Quasiconvexity at the boundary and weak lower semicontinuity of integral functionals

Quasiconvexity at the boundary and weak lower semicontinuity of integral functionals

Fri, 18/06/2010
11:00 		Martin Kruzik (Academy of Sciences, Prague) OxPDE Lunchtime Seminar Add to calendar Gibson 1st Floor SR
Quasiconvexity at the boundary and weak lower semicontinuity of integral functionals
It is well-known that Morrey's quasiconvexity is closely related to gradient Young measures, i.e., Young measures generated by sequences of gradients in $ L^p(\Omega;\mathbb{R}^{m\times n}) $. Concentration effects, however, cannot be treated by Young measures.

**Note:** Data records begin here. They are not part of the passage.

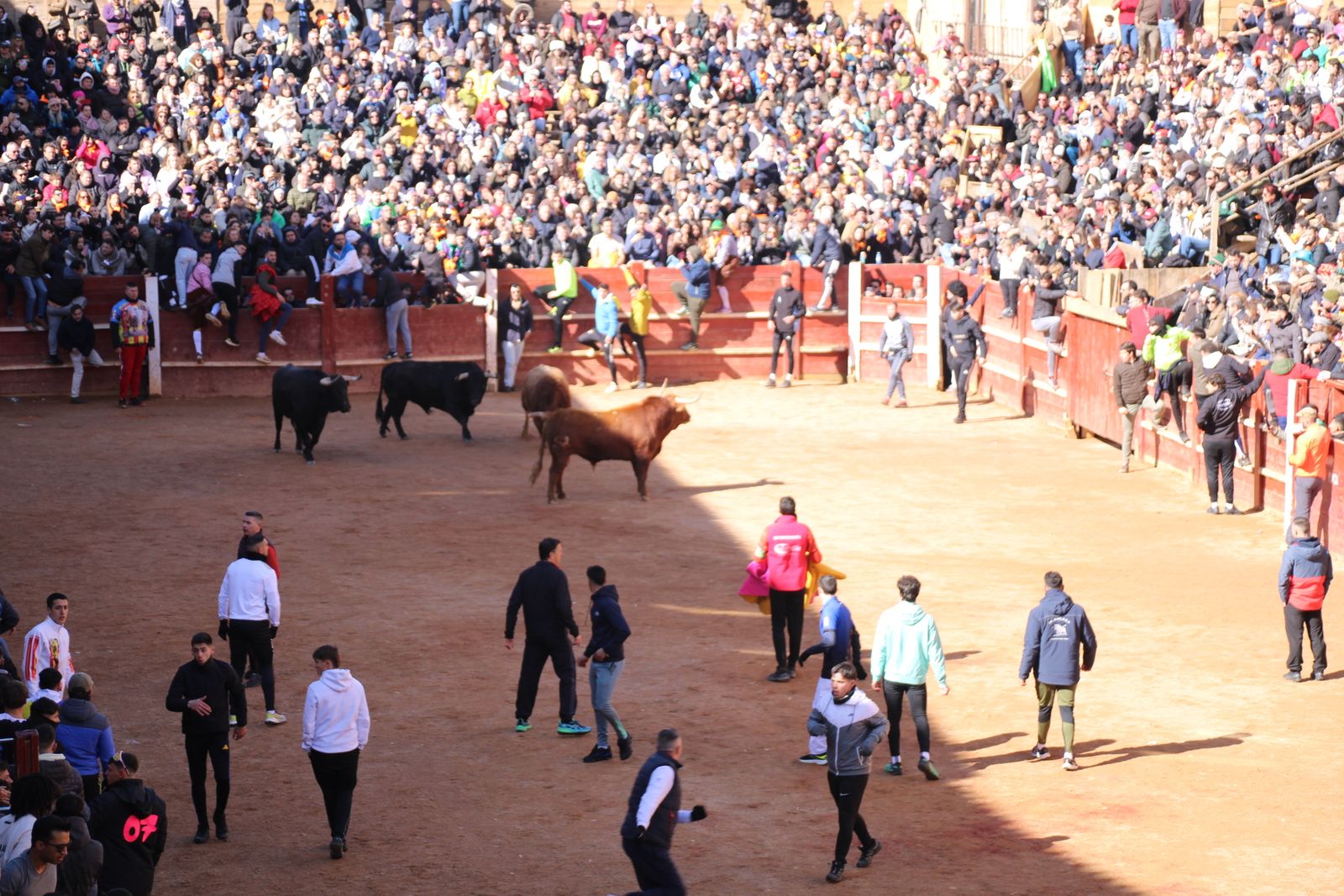 Encierro de sábado en el Carnaval del toro 2026 de Ciudad Rodrigo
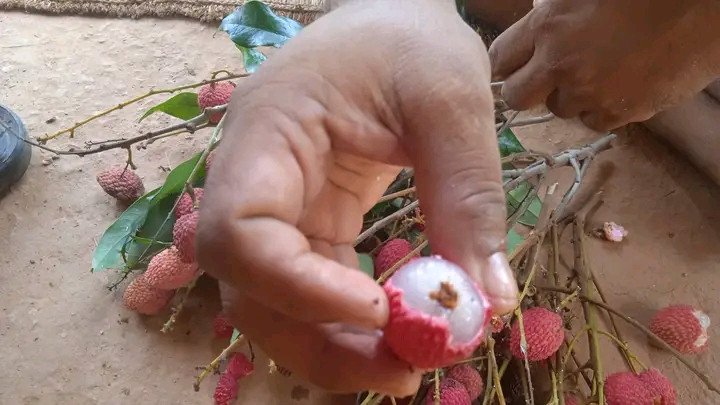 लिचीमा लाग्ने राेग नियन्त्रणका लागि वडाले छुट्यायाे बजेट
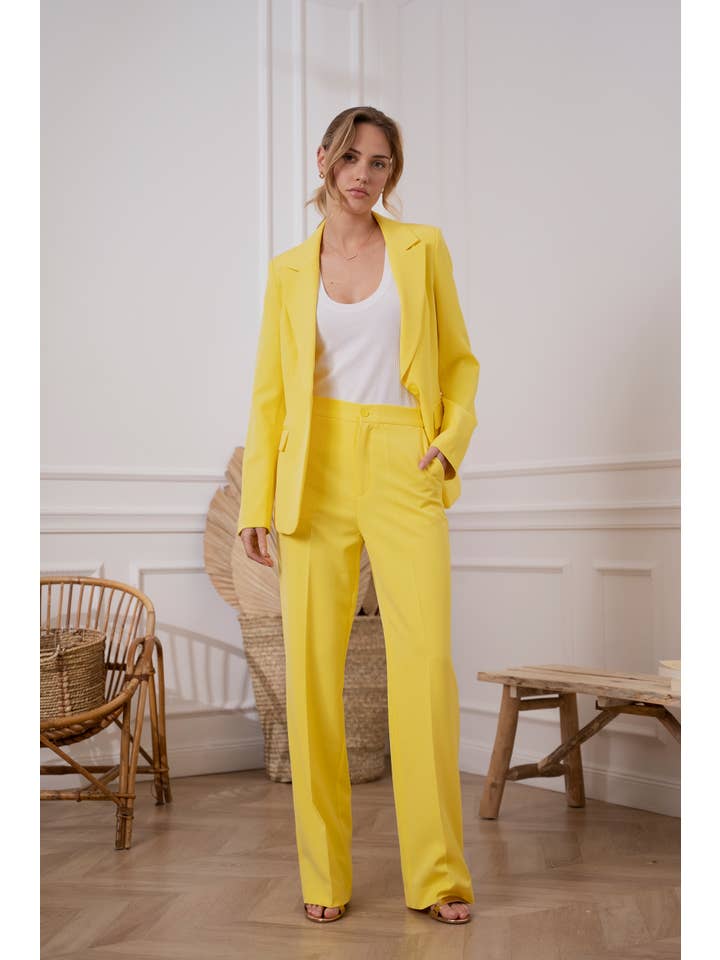 Attentif Paris – wholesale Byxor - Dam – Solid raka byxor med hög midja17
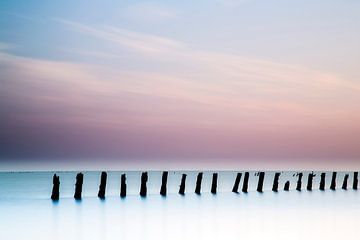 Wadden Sea. by AGAMI Photo Agency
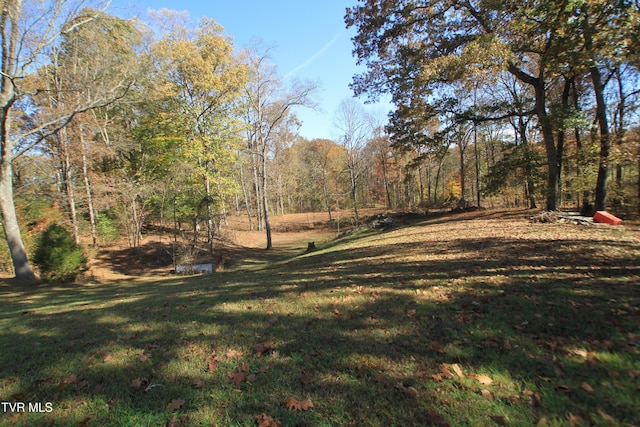939 Muddy Creek Rd, Piney Flats, TN 37686 - view of grassy yard featuring a view of trees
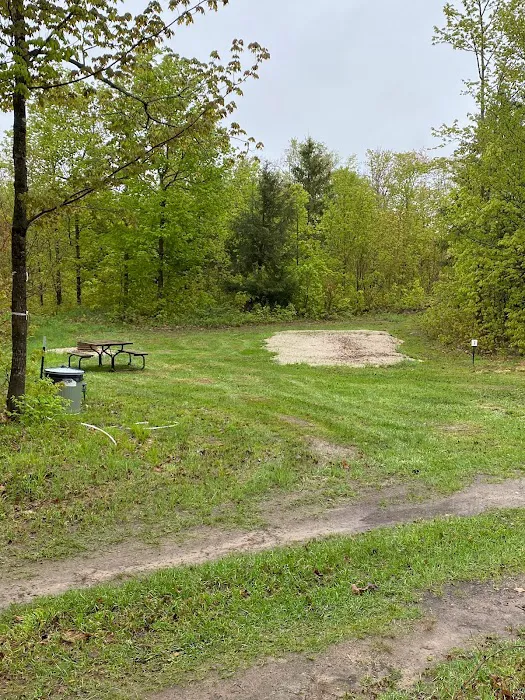 Andy’s Wolf Traxx Picture 5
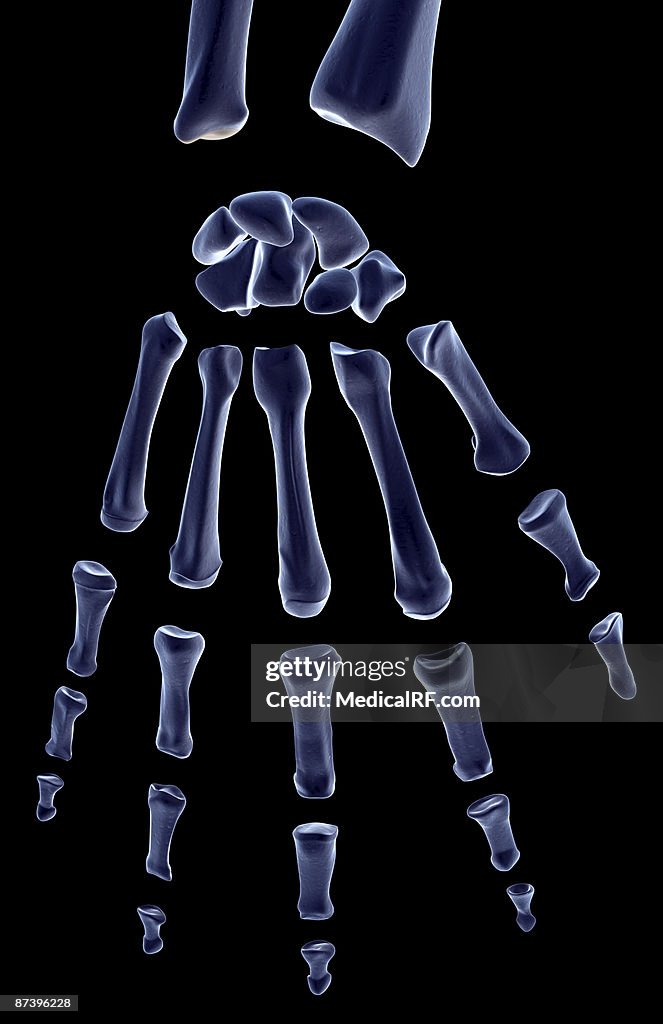 The bones of the hand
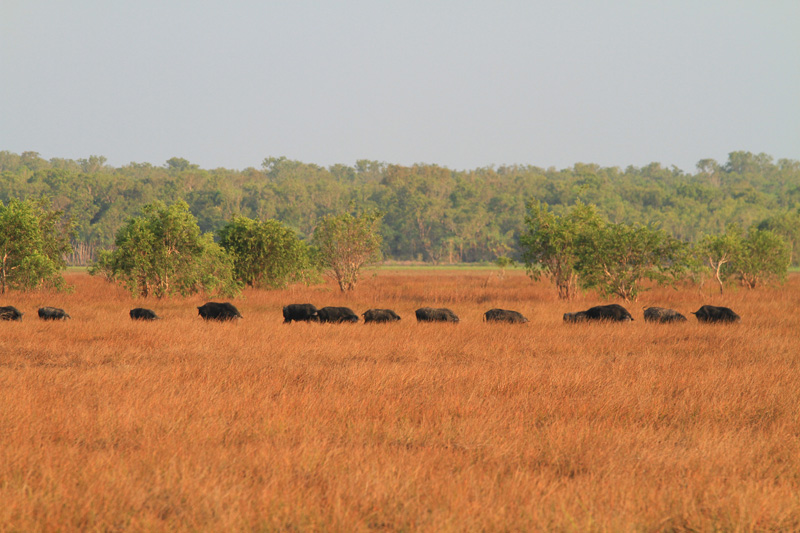 Ausztrália vadászat
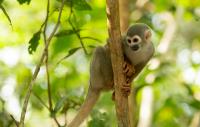 Extractive industries threaten global goal to protect 30% of nature by 2030, report finds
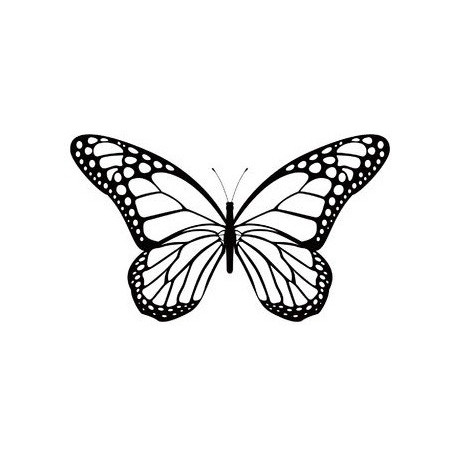 Sticker papillon s'envole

One way how to describe both oscillation and concentration effects in a fair generality are the so-called DiPerna-Majda measures. DiPerna and Majda showed that having a sequence $ \{y_k\} $ bounded in $ L^p(\Omega;\mathbb{R}^{m\times n}) $,$ 1\le p $ <$ +\infty $, and a complete separable subring $ {\cal R} $ of continuous bounded functions on $ \mathbb{R}^{m\times n} $ then there exists a subsequence of $ \{y_k\} $ (not relabeled), a positive Radon measure $ \sigma $ on $ \bar\Omega $, and a family of probability measures on $ \beta_{\cal R}\mathbb{R}^{m\times n} $ (the metrizable compactification of $ \mathbb{R}^{m\times n} $ corresponding to $ {\cal R} $), $ \{\hat\nu_x\}_{x\in\bar\Omega} $, such that for all $ g\in C(\bar\Omega) $ and all $ v_0\in{\cal R} $
$$ \lim_{k\to\infty}\int_\Omega g(x)v(y_k(x))d x\ = \int_{\bar\Omega}\int_{\beta_{\cal R}\R^{m\times n}}g(x)v_0(s)\hat\nu_x(d s)\sigma(d x)\ , $$
where $ v(s)=v_0(s)(1+|s|^p) $. Our talk will address the question: What conditions must $ (\sigma,\hat\nu) $ satisfy, so that $ y_k=\nabla u_k $ for $ \{u_k\}\subset W^{1,p}(\Omega;\mathbb{R}^m) $ We are going to state necessary and sufficient conditions. The notion of quasiconvexity at the boundary due to Ball and Marsden plays a crucial role in this characterization. Based on this result, we then find sufficient and necessary conditions ensuring sequential weak lower semicontinuity of $ I:W^{1,p}(\Omega;\mathbb{R}^m)\to\mathbb{R} $,
$$ I(u)=\int_\Omega v(\nabla u(x))\,\md x\ ,$$
where $ v:\mathbb{R}^{m\times n}\to\mathbb{R} $ satisfies $ |v|\le C(1+|\cdot|^p) $, $ C $>$ 0 $.